§ **Your task**: Repeat the entries exactly, and do not carry the pictures over.

§ **Material to process**:
· · · ·
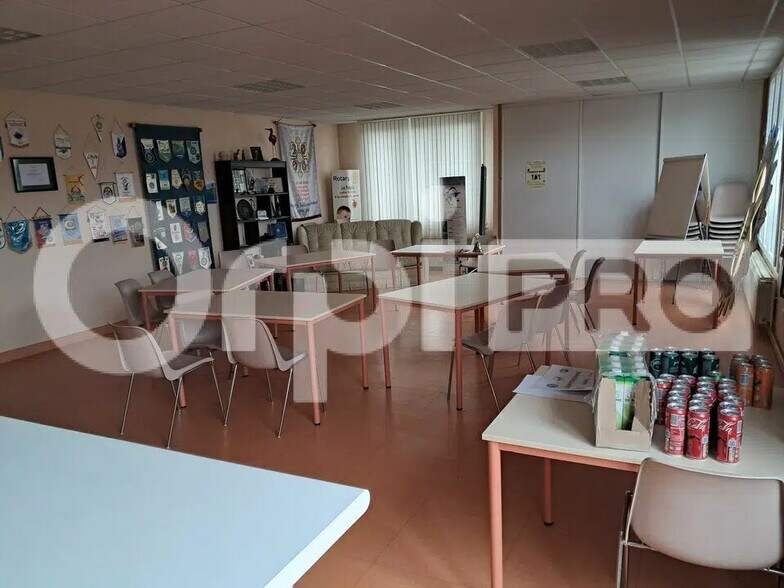 Bureau dans Montluçon à louer - Photo de l’immeuble – Image 2 sur 2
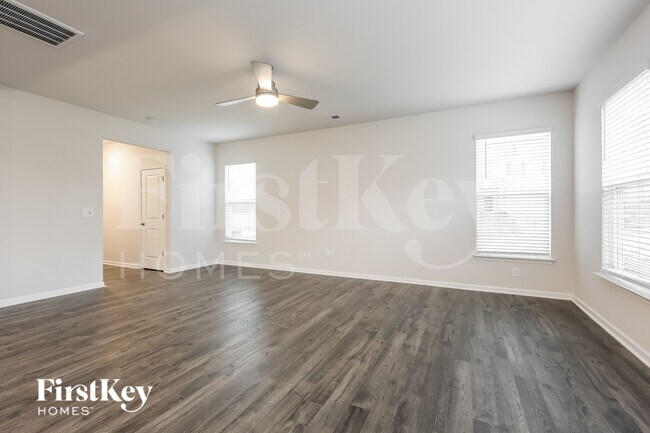 Foto del edificio - 101 Wild Lily Dr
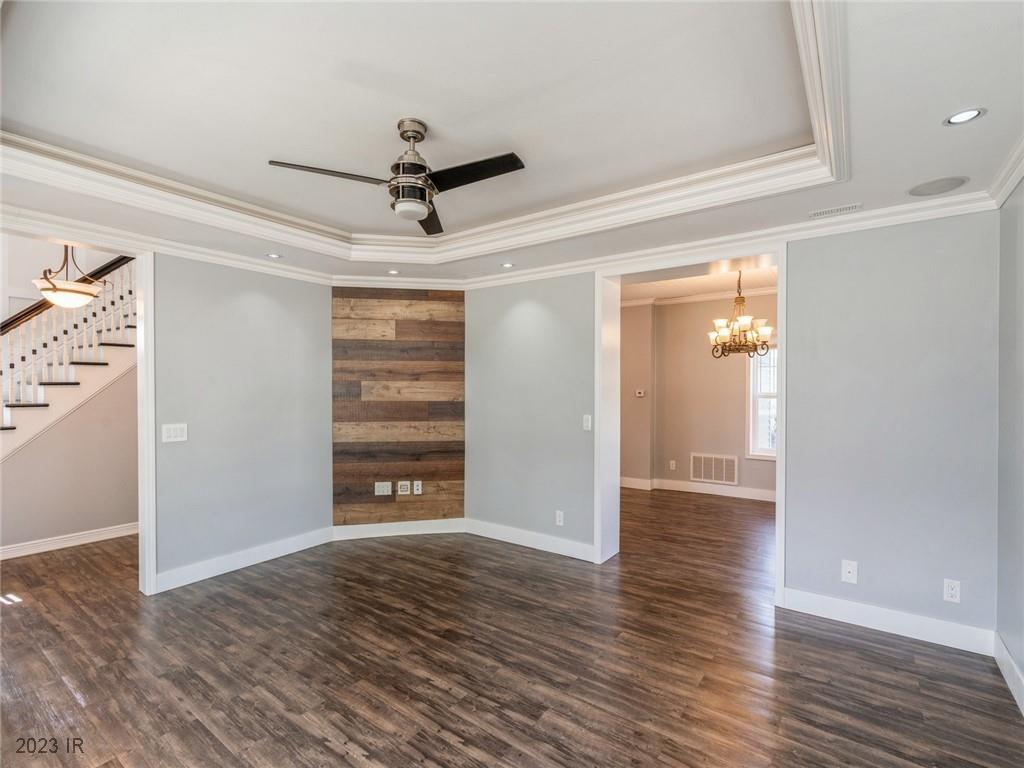 101 W Douglas Street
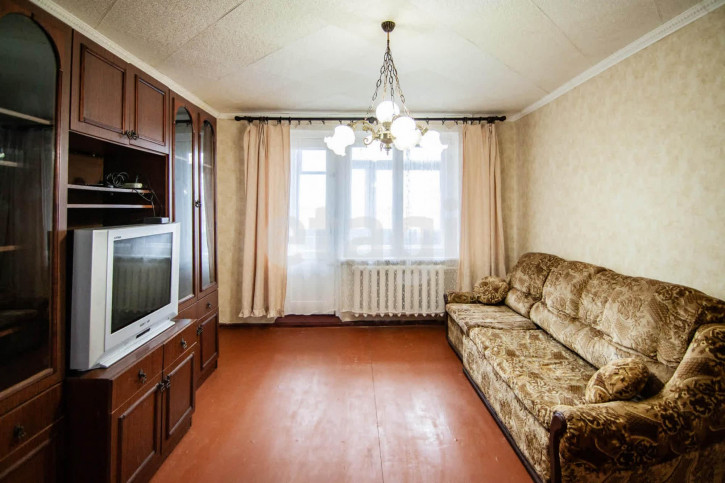 4-комн квартира Строителей, 8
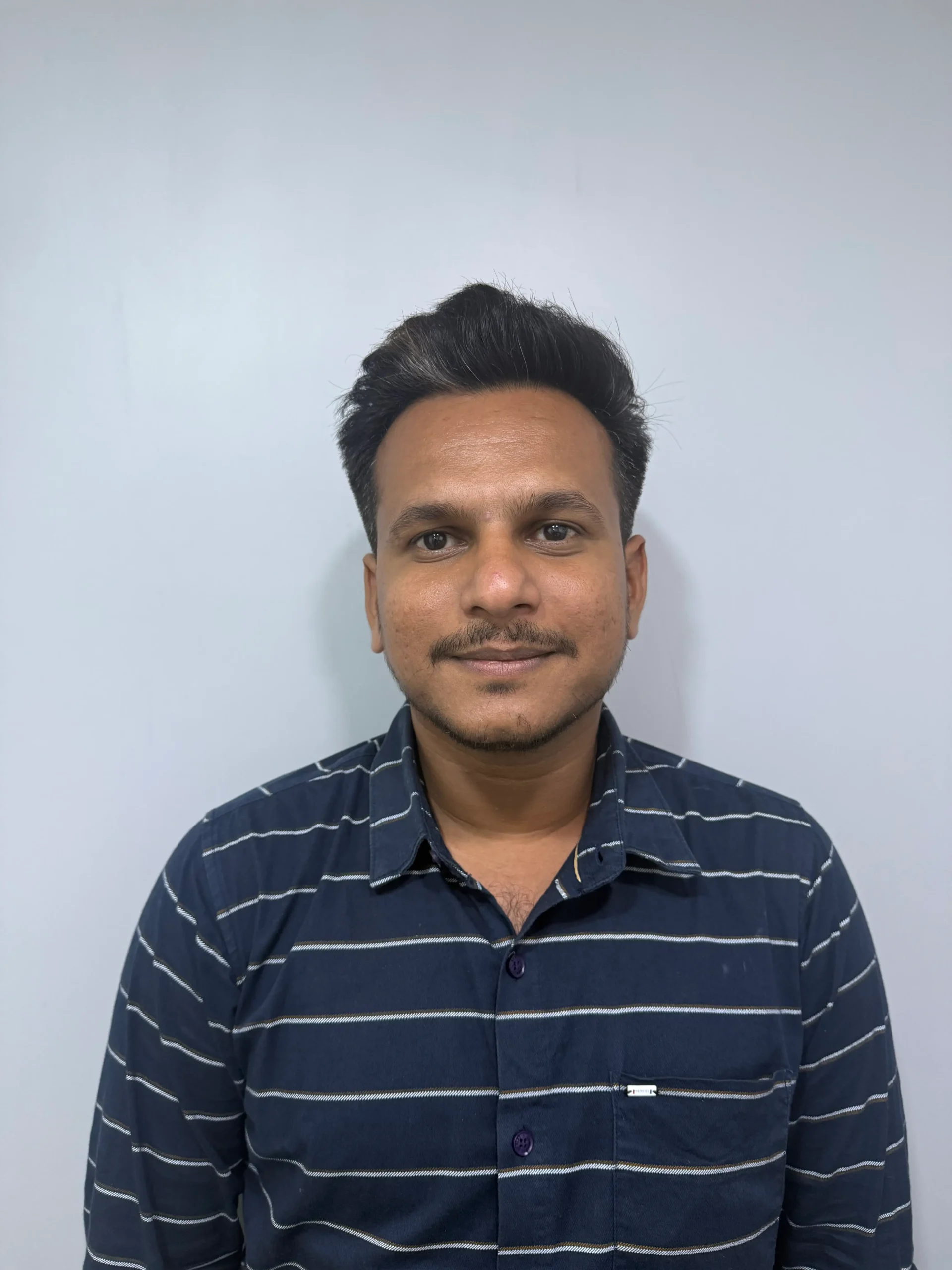 member-img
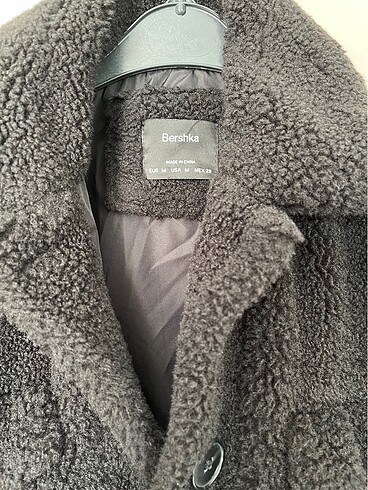 Bershka Tüylü crop mont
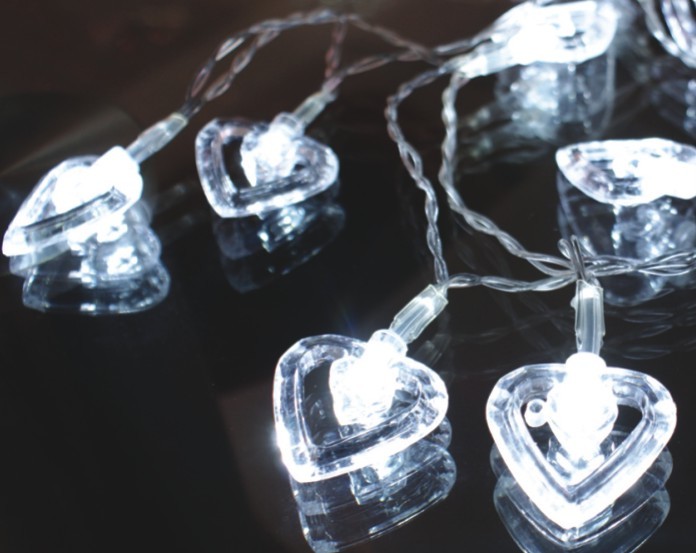  manufacturer In China FY-009-A176 LED CHIRITIMAS LIGHT CHAIN WITH HEART DECORATION  corporation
· · · ·
§ **Response area**:
 Bureau dans Montluçon à louer - Photo de l’immeuble – Image 2 sur 2
 Foto del edificio - 101 Wild Lily Dr
 101 W Douglas Street
 4-комн квартира Строителей, 8
 member-img
 Bershka Tüylü crop mont
  manufacturer In China FY-009-A176 LED CHIRITIMAS LIGHT CHAIN WITH HEART DECORATION  corporation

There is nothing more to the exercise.